**PROMPT:** Given the listing below, write out exactly the lines starting with the line that has "進撃の天翊 (attack on titan)" and going on through the line that has "235 Meriden Road - Photo 12", both kept.

**ENTRIES SUPPLIED:**
___
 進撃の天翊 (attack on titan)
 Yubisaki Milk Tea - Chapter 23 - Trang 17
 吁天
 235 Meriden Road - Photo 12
___
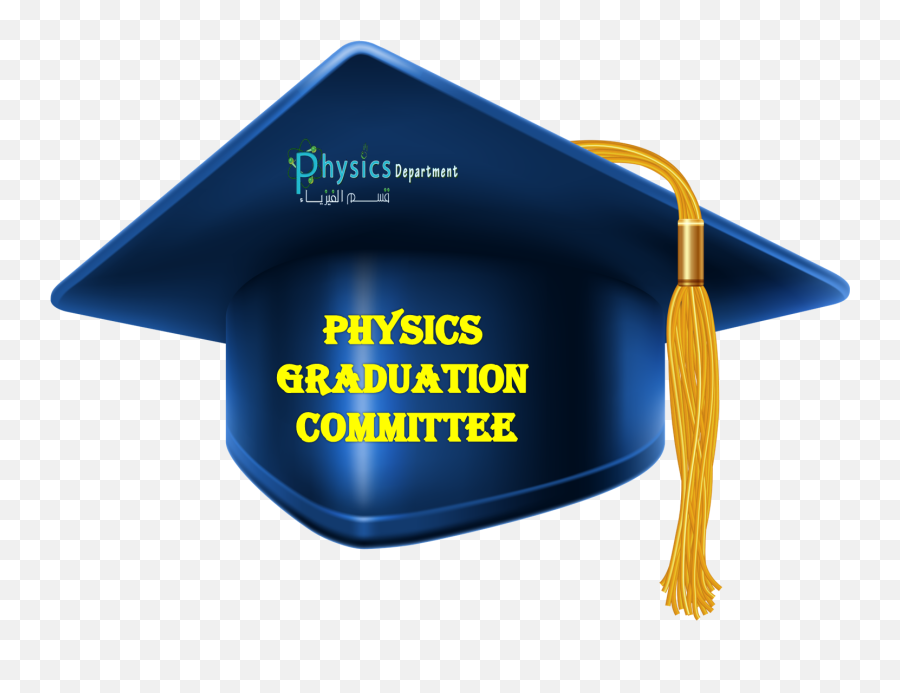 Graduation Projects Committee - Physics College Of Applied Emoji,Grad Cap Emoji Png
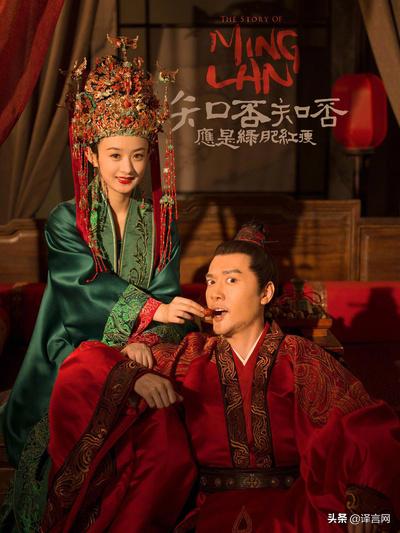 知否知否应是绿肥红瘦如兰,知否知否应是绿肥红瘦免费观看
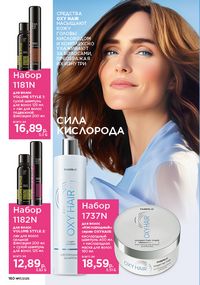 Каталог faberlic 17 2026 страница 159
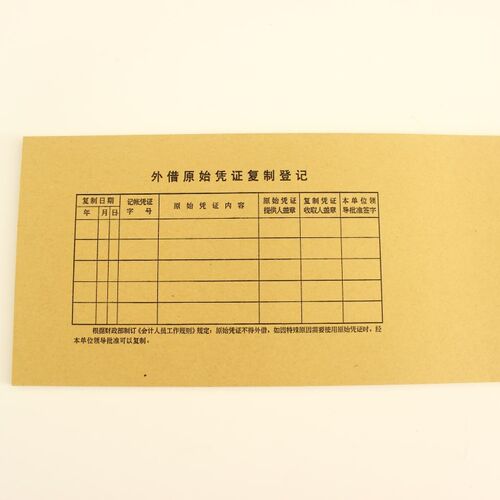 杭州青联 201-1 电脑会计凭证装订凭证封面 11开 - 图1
___
**PROBLEM SOLUTION:**
 進撃の天翊 (attack on titan)
 Yubisaki Milk Tea - Chapter 23 - Trang 17
 吁天
 235 Meriden Road - Photo 12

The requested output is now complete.